Ketika itu, Presiden menyatakan sedang meratifikasi konvensi Perserikatan Bangsa-Bangsa soal kejahatan lintas batas, protokol tentang perdagangan manusia dan penyelundupan manusia. ”Ini agenda penting,” kata Presiden.
Australia menaruh perhatian pada ratifikasi protokol penyelundupan manusia, khususnya soal ekstradisi. Menurut Rudd, penyelundupan manusia adalah masalah serius di negerinya. Ia berharap dukungan Indonesia untuk mencegah dan menanganinya. ”Tantangan besar bagi kedua negara,” katanya.
Ratifikasi protokol itu menjadikan Indonesia ”pagar” bagi arus imigran gelap ke Australia. Maklum, kata Suryama, wilayah Indonesia selama ini seperti gerbang tanpa pintu bagi imigran gelap ke Negeri Kanguru. ”Mereka ingin membendung aliran pengungsi dari Timur Tengah dan Afganistan,” kata Suryama. Biasanya para pengungsi itu menggunakan kapal-kapal kayu dari Jawa Timur dan Kupang.

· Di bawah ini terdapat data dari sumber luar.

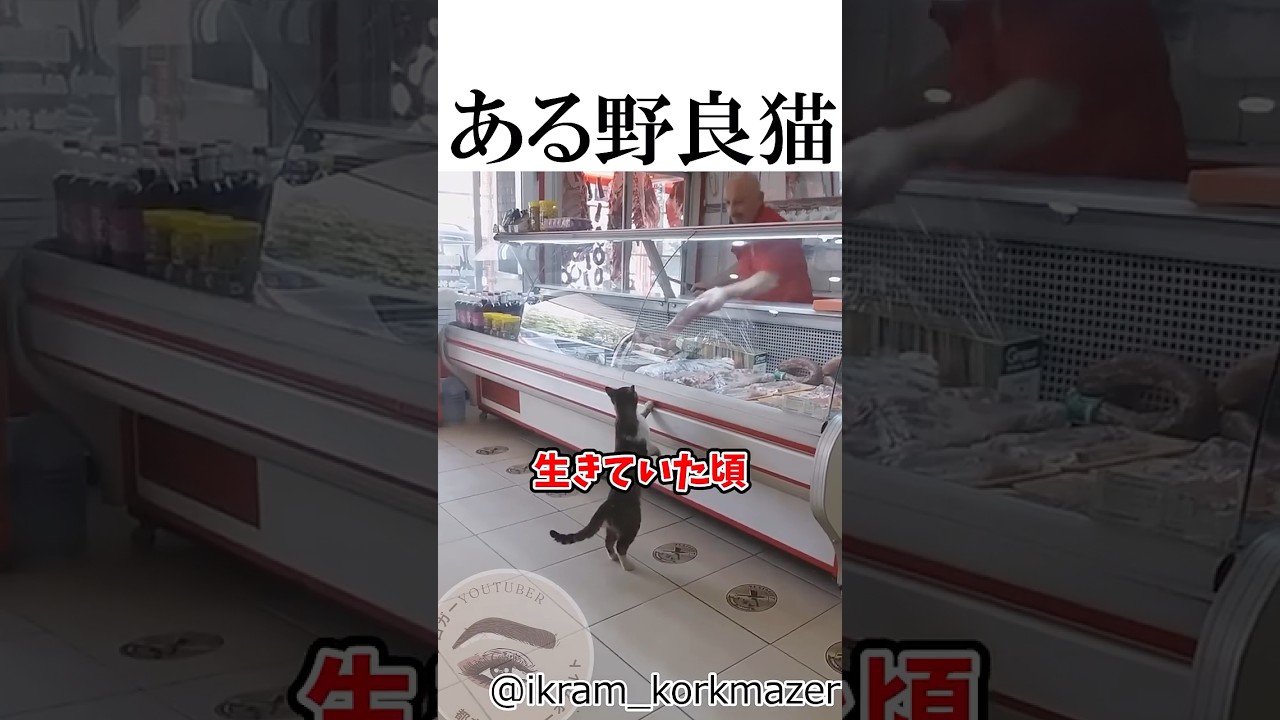 【トルコ】精肉店に猫の像がある理由 #shortvideo #猫 #トルコ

Sebagai langkah awal, kedua negara bersepakat melakukan barter ekstradisi pelaku pidana di masing-masing negara. Menurut Yudhoyono, Indonesia akan mengekstradisi Hadi Ahmadi—warga Iran yang dituduh menyelundupkan pengungsi Timur Tengah dari Indonesia ke Australia pada 1999-2001. Imbal baliknya: Australia akan mengekstradisi Andrian Kiki Ariawan, terpidana korupsi Rp 1,05 triliun Bantuan Likuiditas Bank Indonesia. ”Pengadilan sudah setuju ekstradisinya,” kata Presiden tentang Hadi Ahmadi.
Perjanjian ekstradisi Australia-Indonesia diteken pada 1992, lalu diratifikasi Dewan Perwakilan Rakyat pada 1995, tapi baru akan diimplementasikan 13 tahun kemudian.

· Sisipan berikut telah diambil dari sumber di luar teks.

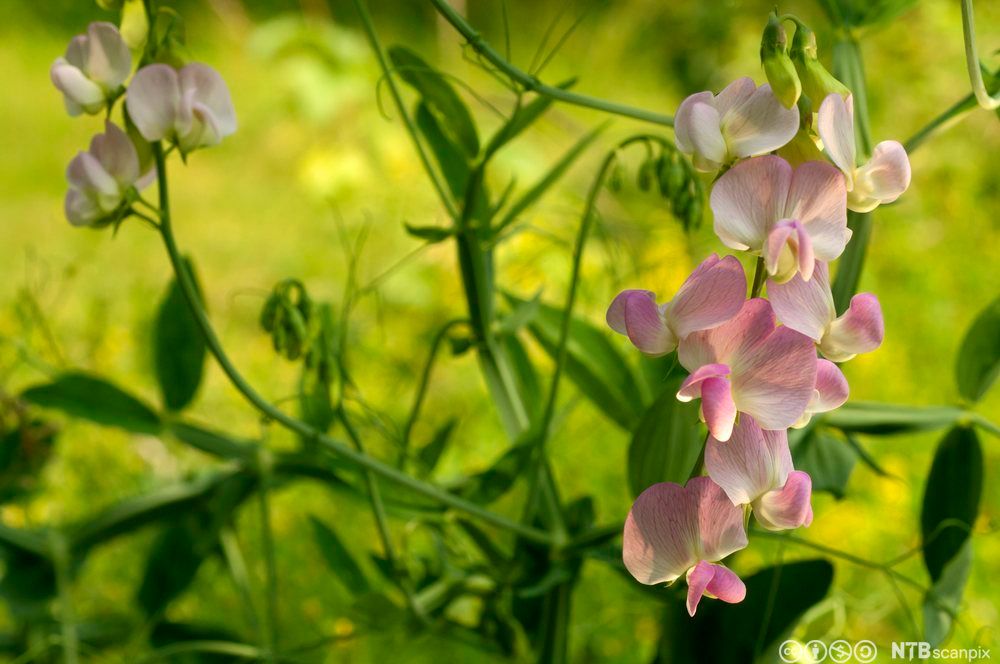 Blomstrende sukkererter. Blomstene er rosa, mens resten av planta er grønn. Foto.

Sumber Tempo di pemerintahan mengungkapkan ekstradisi Hadi sebetulnya dipaksakan. Soalnya, hukum Indonesia tak mengenal kriminalisasi penyelundupan manusia. Padahal, agar barter itu bisa dilakukan, seperti disyaratkan Undang-Undang Nomor 1 Tahun 1979 tentang Ekstradisi, harus ada asas perimbangan. Artinya, hukum Indonesia pun harus menyatakan pe-nyelundupan manusia sebagai kejahatan.
Pengacara Hadi, Joel Tannos, juga memakai argumentasi itu di persidangan. Tapi ia kalah di Pengadilan Negeri Jakarta Selatan, 26 September 2008. Joel yakin ekstradisi kliennya bernuansa politik. ”Saya setuju memulangkan Kiki, tapi mengorbankan orang lain itu tak pantas,” kata Joel.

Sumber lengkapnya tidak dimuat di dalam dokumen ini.